Composition of fine‐grained sediment in the Hikurangi Trough: Evidence for intermingling among axial gravity flows, transverse gravity flows and margin‐parallel ocean currents

Abstract

ABSTRACTThe International Ocean Discovery Program cored five sites during Expeditions 372 and 375 to investigate the Hikurangi margin, offshore Poverty Bay, North Island, New Zealand. Trench‐wedge deposits were recovered at Site U1520, and the frontal accretionary prism was cored at Site U1518. Based on X‐ray diffraction analyses of the clay‐sized fraction, illite and smectite are the dominant clay minerals. Compositional scatter is unusually large, and a well‐defined mixing trend is evident between illite‐rich and smectite‐rich end members. The proportion of smectite ranges from 9 to 59 wt.% at Site U1518 and from 12 to 62 wt.% at Site U1520. Nearby slope deposits at Sites U1517 and U1519 are more homogeneous, with consistently higher proportions of smectite. The East Cape Current is probably responsible for transporting smectite‐rich suspensions towards the south‐west from sources that include the Taupo Volcanic Zone. Illite‐rich muds require different sources and different routing paths to the trench. Some suspended sediment probably originated in the Waipaoa watershed on the North Island, entering the trench via Māhia Canyon. Other gravity flows probably started in Kaikōura Canyon or Cook Strait and moved towards the north‐east, down the trench's axial channel. The influence of turbidity currents on clay composition changes with water depth, as do the effects of reworking by contour currents and the role of passive hemipelagic settling. The broad continuum of clay compositions in the trench is enhanced by variable amounts of mixing among multiple ocean currents and fluctuating durations of suspension within a bottom nepheloid layer.
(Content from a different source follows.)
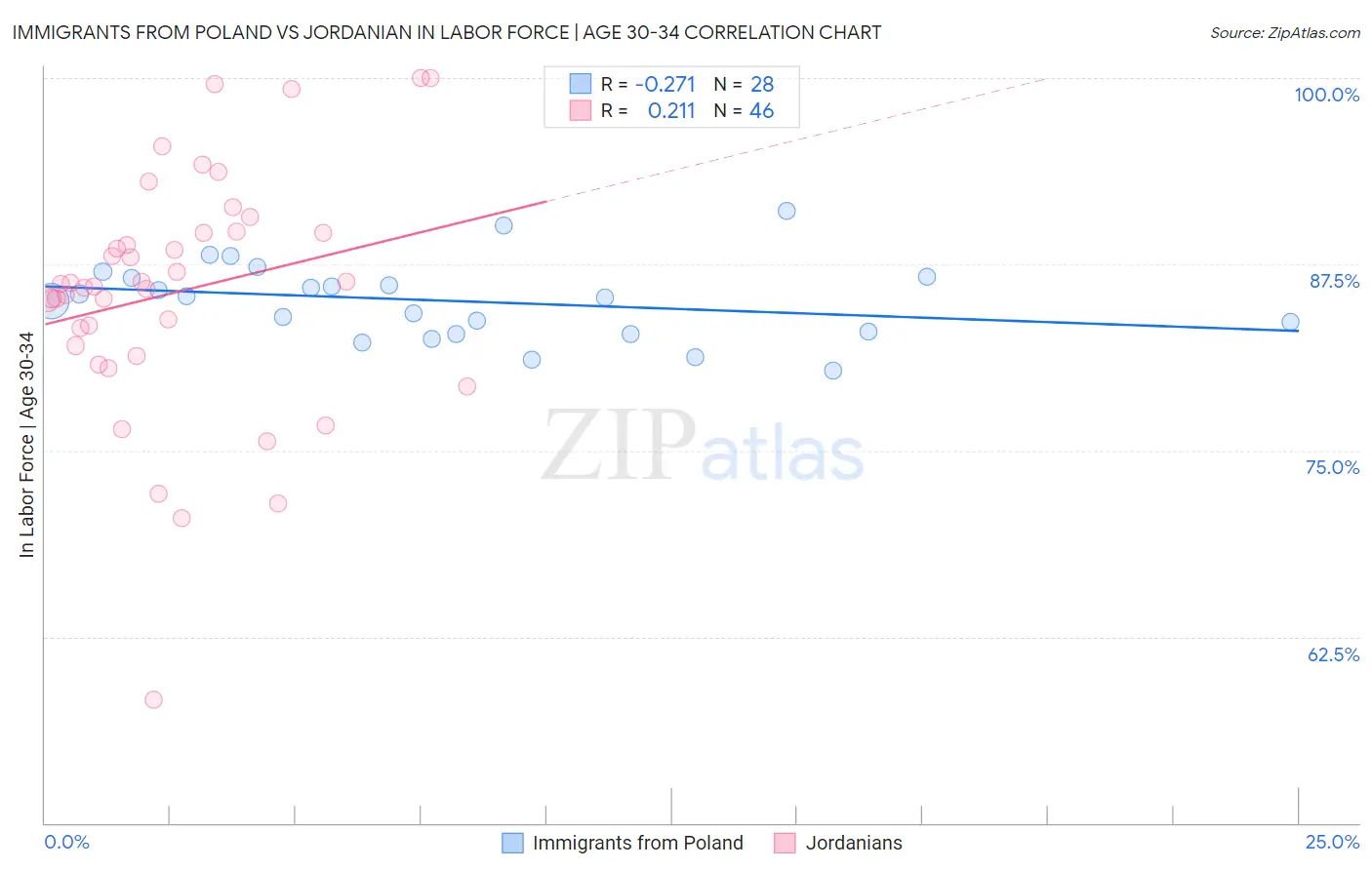 Immigrants from Poland vs Jordanian In Labor Force | Age 30-34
That complexity deviates from the paradigm of turbidite‐dominated trench wedges. The margin's compositional diversity also complicates the goal of predicting or modelling three‐dimensional variations in frictional, geotechnical and hydrogeological properties. Those lithological properties are important because they affect slope stability along strike and changes in fault‐slip behaviour along the subduction interface.